Where Does RVC Stand?

Canada has committed to protecting 30% of its biodiversity by 2030.
Where Does RVC Stand?   
Vivian Pharis writes about Bighill Creek as an example. 

Alberta’s largest, most populous county is Rocky View. Much of RVC’s nearly 4000 sq km has been converted to agriculture, with rural subdivision now in steady pursuit. Currently, three provincial parks protect 15.16 sq km, or 0.4% of RVC’s land base. The park in Bighill Creek’s watershed is 70 acres and receives at least 1/4 million visitors a year. By contrast, gravel interests in the immediate area cover 1300 acres or 5.3 sq km, many of these being lands with high conservation value.

The little 174 sq km Bighill Creek watershed within RVC, is arguably home to RVC’s greatest diversity of wildlife. Native grasslands and aspen stands are relatively intact, due perhaps to its history of dispersed cattle ranching and dairy farming. Unusually, three ecological regions – Prairie, Aspen Parkland and Foothills converge here, each bringing a complement of diversity. Change though, is an increasing factor in the watershed, with Cochrane and Airdrie ever spilling into it, and proliferating residential subdivision, oil drilling and gravel mining. Wildlife numbers are responding surprisingly quickly and rarely positively.

Gone altogether are the bison that would have dominated the landscape only 140 years ago. Gone too is the range of large predators that would have tied their lives to the bison, although surprising remnants mingle today throughout the watershed. These include cougar in good numbers, drawn to healthy populations of mule and white tailed deer. Grizzly and black bear are evident throughout, although not common. Occasionally wolves visit parts of the watershed, especially Big Hill Springs Park environs and even right up to Cochrane’s boundaries. It is unlikely they are more than drifters.

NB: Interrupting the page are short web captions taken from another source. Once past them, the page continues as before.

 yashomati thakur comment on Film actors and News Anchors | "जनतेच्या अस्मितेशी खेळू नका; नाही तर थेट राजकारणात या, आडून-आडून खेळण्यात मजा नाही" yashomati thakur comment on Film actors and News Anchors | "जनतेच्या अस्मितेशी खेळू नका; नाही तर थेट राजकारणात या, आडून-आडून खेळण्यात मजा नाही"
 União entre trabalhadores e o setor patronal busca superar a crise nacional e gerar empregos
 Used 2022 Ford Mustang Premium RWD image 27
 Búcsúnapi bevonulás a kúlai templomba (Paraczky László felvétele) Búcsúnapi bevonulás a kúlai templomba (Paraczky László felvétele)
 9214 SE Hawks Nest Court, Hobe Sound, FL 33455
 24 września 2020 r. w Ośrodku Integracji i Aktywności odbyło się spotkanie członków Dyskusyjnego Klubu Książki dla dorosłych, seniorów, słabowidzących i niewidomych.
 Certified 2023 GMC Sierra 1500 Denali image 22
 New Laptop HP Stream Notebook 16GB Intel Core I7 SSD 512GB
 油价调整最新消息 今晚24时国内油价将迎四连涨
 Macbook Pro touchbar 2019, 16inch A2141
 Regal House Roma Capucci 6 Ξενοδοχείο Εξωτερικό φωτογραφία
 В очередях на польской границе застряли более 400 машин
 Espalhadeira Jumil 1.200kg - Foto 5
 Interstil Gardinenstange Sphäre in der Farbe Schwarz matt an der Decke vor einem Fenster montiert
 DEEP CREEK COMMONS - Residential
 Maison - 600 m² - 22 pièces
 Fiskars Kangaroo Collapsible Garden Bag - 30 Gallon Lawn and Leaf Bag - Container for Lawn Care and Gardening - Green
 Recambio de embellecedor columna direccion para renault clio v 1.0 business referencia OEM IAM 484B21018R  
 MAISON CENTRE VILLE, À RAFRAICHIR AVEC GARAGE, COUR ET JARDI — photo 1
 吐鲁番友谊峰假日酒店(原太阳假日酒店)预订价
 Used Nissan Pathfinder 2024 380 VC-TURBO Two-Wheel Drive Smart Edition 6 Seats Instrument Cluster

A herd of 50-75 elk meanders between Horse Creek and Bighill’s Watersheds, probably succeeding because of few predators and safety from rifles. Bobcats seem to be establishing themselves. Coyotes, foxes, beavers, garter snakes, moose and both deer species are the most commonly seen mega wildlife. Turkey vultures are occasional and startling fall visitors and even raccoons and eastern squirrels are testing the neighborhood.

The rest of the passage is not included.